Florida homeowners insurance is some of the most expensive in the nation, and it’s getting more challenging to find appropriate coverage. Once you’ve shopped for a policy that meets your needs, you’re all set, right? Hopefully, yes, but with the homeowners insurance market’s continuing volatility, there’s a chance that your homeowners policy could be cancelled or non-renewed. What then?

Sometimes this is out of your control, such as when an insurance company decides to reduce or eliminate coverage in a certain geographical area, or becomes insolvent, something we’ve seen far too often in Florida. But there are a few things you can do to lessen the chance of your policy being cancelled or non-renewed.

Cancellation vs. nonrenewal

First, what is the difference between cancellation and non-renewal? If you receive a notice of non-renewal, that means you will not be able to renew your homeowners policy at the end of the policy term. By state law, insurance companies are required to notify you at least 45 days before the end date of your policy in order for you to be have time to find a new policy.

Cancellation can take place during the policy term. Generally, a homeowners insurance policy is cancelled due to either fraud/misrepresentation or failure to pay insurance premiums.

Why your homeowners insurance might be cancelled or non-renewed

Homeowners insurance companies aren’t looking to cancel or non-renew your insurance coverage—they need policyholders or they wouldn’t be in business. But there are a few situations that make it more likely that your policy will be cancelled or non-renewed.

  • You don’t make your payments on time. It seems obvious, but for your policy to remain in effect, you need to make your homeowners insurance payments. If you’re being cancelled for non-payment, contact your insurance company to see if you can get back on track. Some companies offer a grace period and will reinstate your policy when they receive your payment. If your homeowners insurance is paid through an escrow account by your mortgage company, you’ll need to call them to make sure the payments are sent on time.
  • You make excessive claims (even if the insurance company doesn’t pay out). If you have significant damage to your home, of course you should make a claim. But too many people try to make claims that don’t fall under the limits of homeowners insurance. If you wonder if your problem is one that homeowners insurance should fix, call your insurance company or agent to check before making a claim. (For more information, see “What Your Homeowners Insurance Won’t Cover.”)
  • Your home is in an area of high risk, such as one prone to wildfires, flooding, or hurricanes.

  • You own certain types of pets—a dog breed considered aggressive, or certain reptiles, for example.
  • You don’t maintain your property in good condition.
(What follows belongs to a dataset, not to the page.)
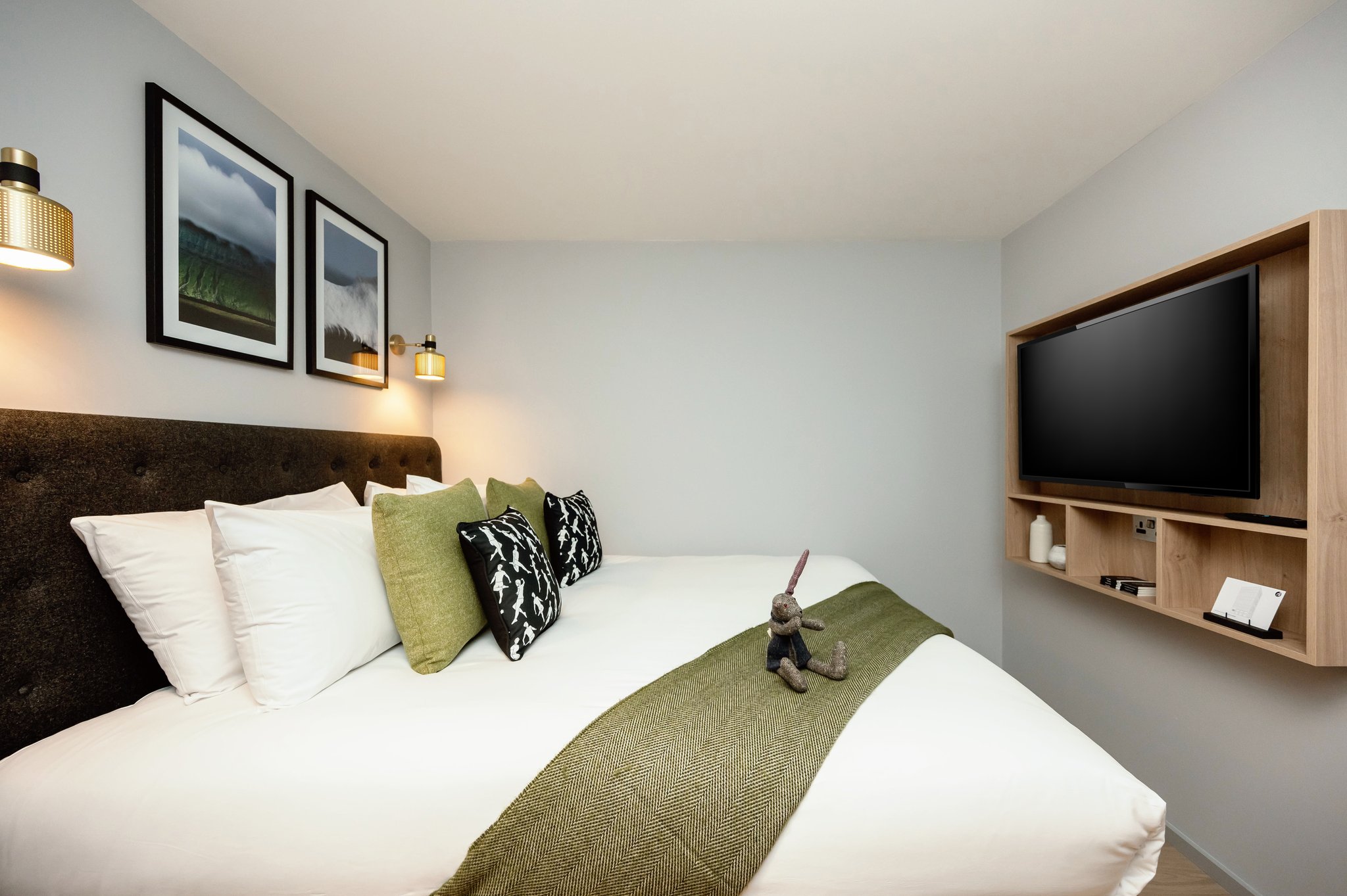 jIOpAfoB8UGpQQuTmELlFg_1B4-1B4V_(3)_-_One_Bed_Apartment_S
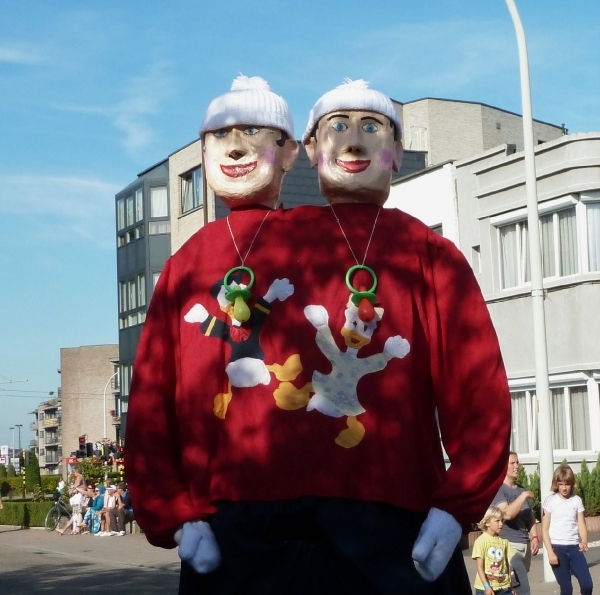 Antwerp, folklore, Deurne reuzen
An insurance company may cancel or non-renew your policy if an inspection reveals structural damage or other significant maintenance issues. Avoid this by keeping your home in good repair. (Click here for a spring maintenance checklist!)

How L & M Insurance Group can help

If your homeowners insurance policy is cancelled or non-renewed, whatever you do, don’t wait to shop for a new policy. Florida’s homeowners insurance market is still in crisis, and you’ll want to give yourself as much time as possible to find coverage to protect your home. If you need to shop for a new homeowners insurance policy, give L & M Insurance Group a call at (813) 672-4100, or click here for an online quote. Our agents will be happy to help you find coverage to protect your greatest asset—your home.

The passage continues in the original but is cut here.